The TUC has outlined ambitious plans for the creation of a union academy, to radically overhaul the training offered to all workers across England.
The new academy aims to build on training at work currently run by unions and offer working people learning when and how they want it.
In a new report launched today, the TUC sets out the academy’s prime functions. It will offer guidance on training for employers and employees with courses ranging from basic skills to MBAs at colleges, universities and workplaces to suit the individual.
Further help will be available through a new helpline and website and the academy will also serve as a think tank and a skills research centre.
The report Learning for change highlights the fact that more than 100,000 workers have been helped back into learning since 1998 by 8,000 union learning reps at 400 new learning centres.
However, it also details the skills gaps that exist throughout all levels in all industries in the UK, and how a lack of key skills are preventing people getting on at work, or even doing their current job properly, costing the British economy millions of pounds.
TUC general secretary Brendan Barber said: “Britain’s skills gap is a key cause of our relatively poor productivity.
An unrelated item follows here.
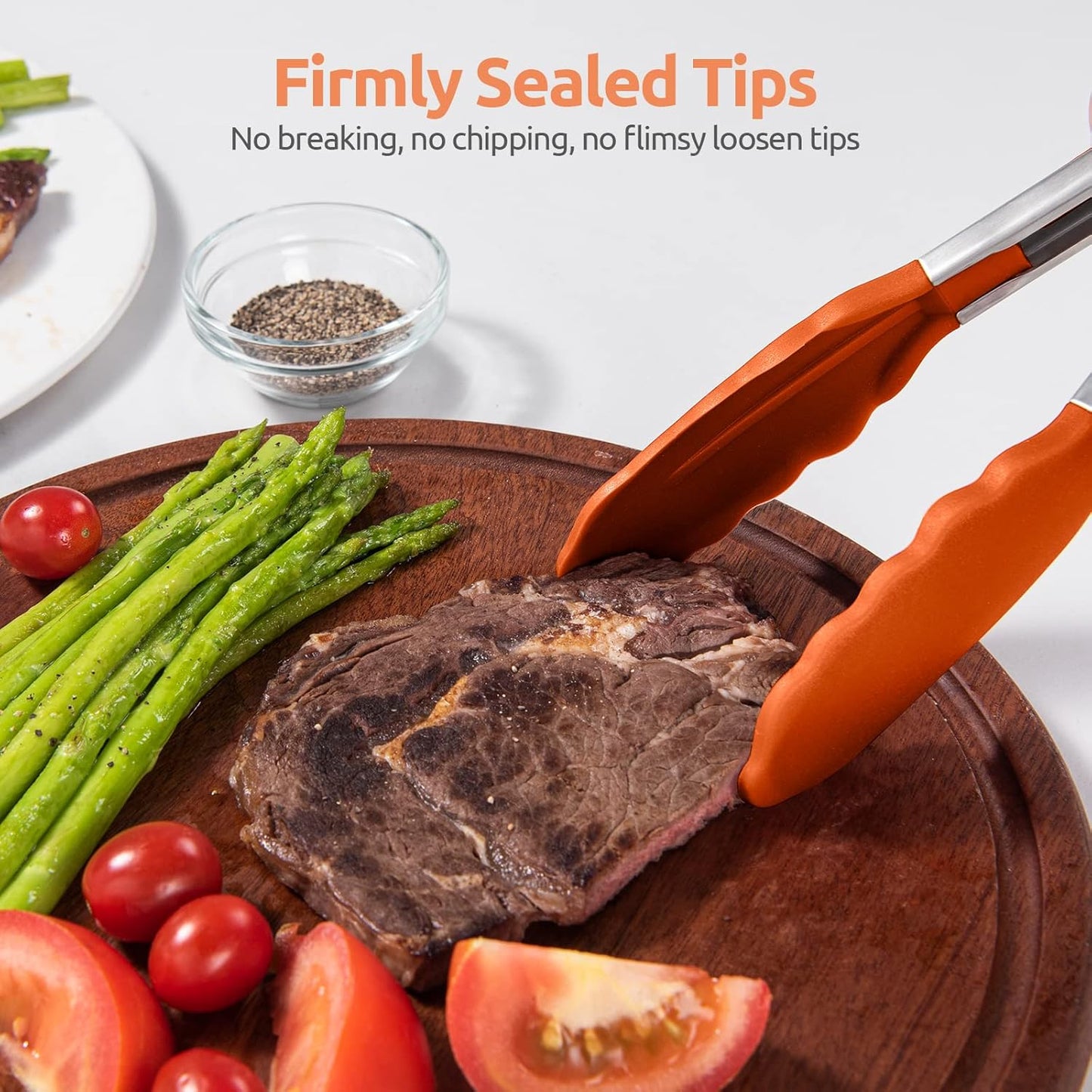 600ºF Heat Resistant Kitchen Tongs: U-Taste 9 inch Silicone Cooking Tong with Firm Sealed Non Stick Rubber Tips & Silicon Coated 18/8 Stainless Steel Handle & Smooth Locking for Serving Salad (Black)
Unions have a proud track record in helping people at every level, from brushing up or improving basic skills to gaining MBAs. The new academy will provide a major boost to the quantity, quality and coherence of the training available to our workforce.”
Secretary of state for education Ruth Kelly said: “In recent years unions have helped put learning back at the top of the agenda in many workplaces. I welcome the TUC’s ambitious plans to develop an academy to act as a centre of excellence and best practice, as well as a very real catalyst for the learning revolution.”